What is expected -
The following data needs to be repeated exactly, with all images excluded.

Dataset content -
==================================================
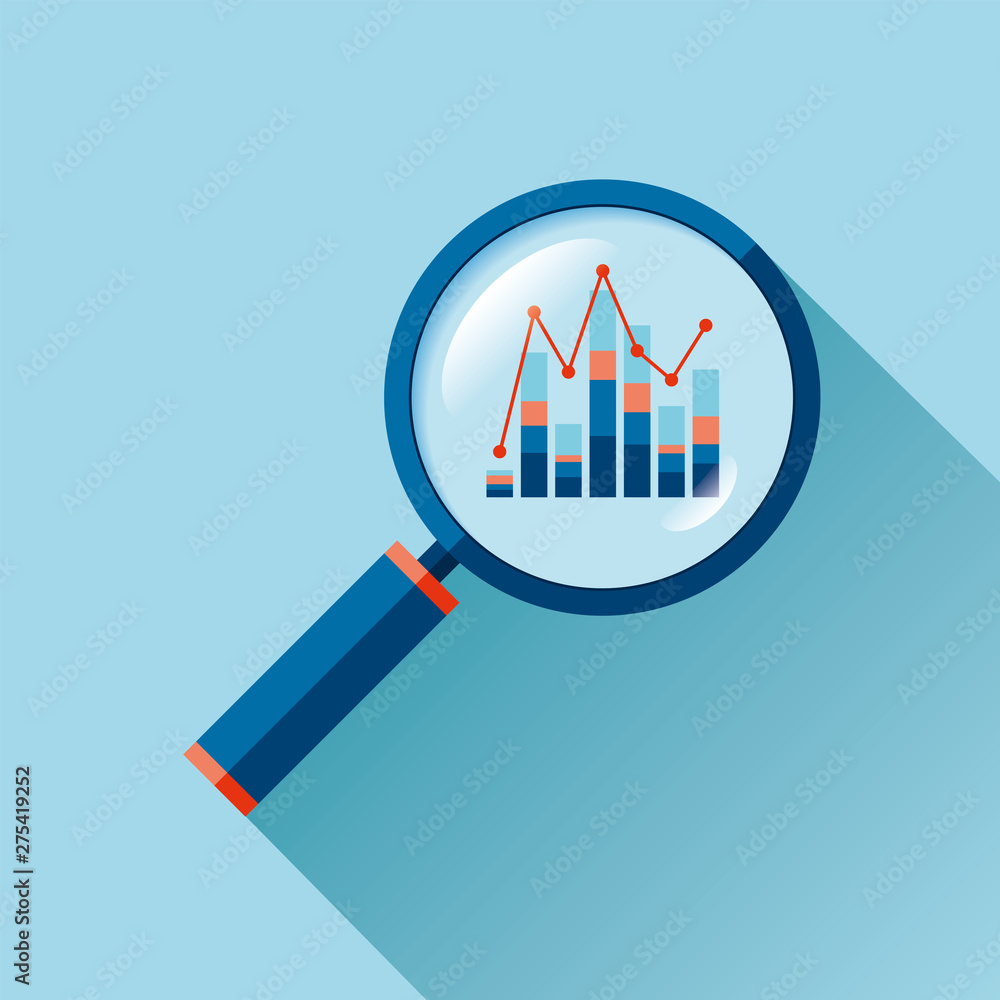 Poster magnifying glass icon in flat style. search loupe on color background. business analytic charts illu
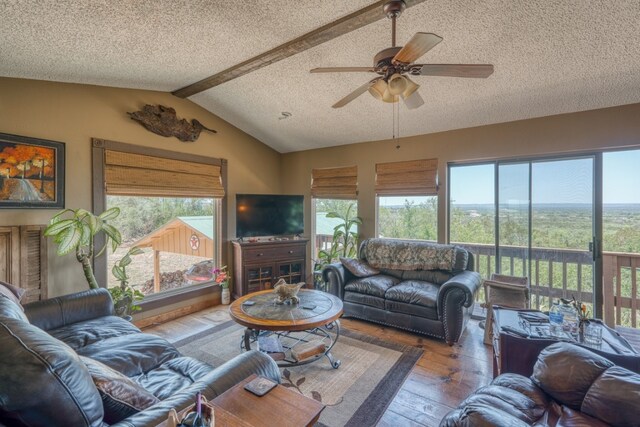 104 Derringer, Horseshoe Bay, TX 78657 - living room with wood-type flooring, a textured ceiling, healthy amount of natural light, and a ceiling fan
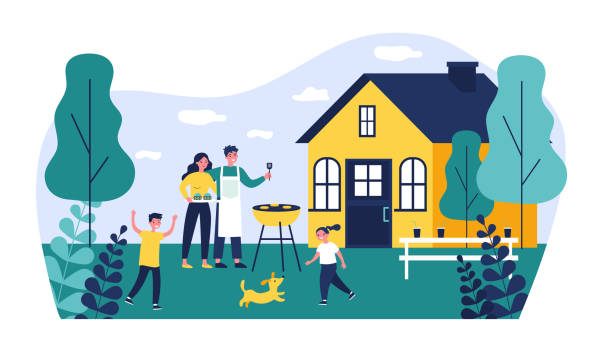 Happy family doing barbecue at garden flat vector illustration Happy family doing barbecue at garden flat vector illustration. Mother and father cooking outdoor near house. Kids playing with dog at backyard. BBQ party and weekend concept family outdoors stock illustrations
==================================================
Answer to this exercise -
 Poster magnifying glass icon in flat style. search loupe on color background. business analytic charts illu
 104 Derringer, Horseshoe Bay, TX 78657 - living room with wood-type flooring, a textured ceiling, healthy amount of natural light, and a ceiling fan
 Happy family doing barbecue at garden flat vector illustration Happy family doing barbecue at garden flat vector illustration. Mother and father cooking outdoor near house. Kids playing with dog at backyard. BBQ party and weekend concept family outdoors stock illustrations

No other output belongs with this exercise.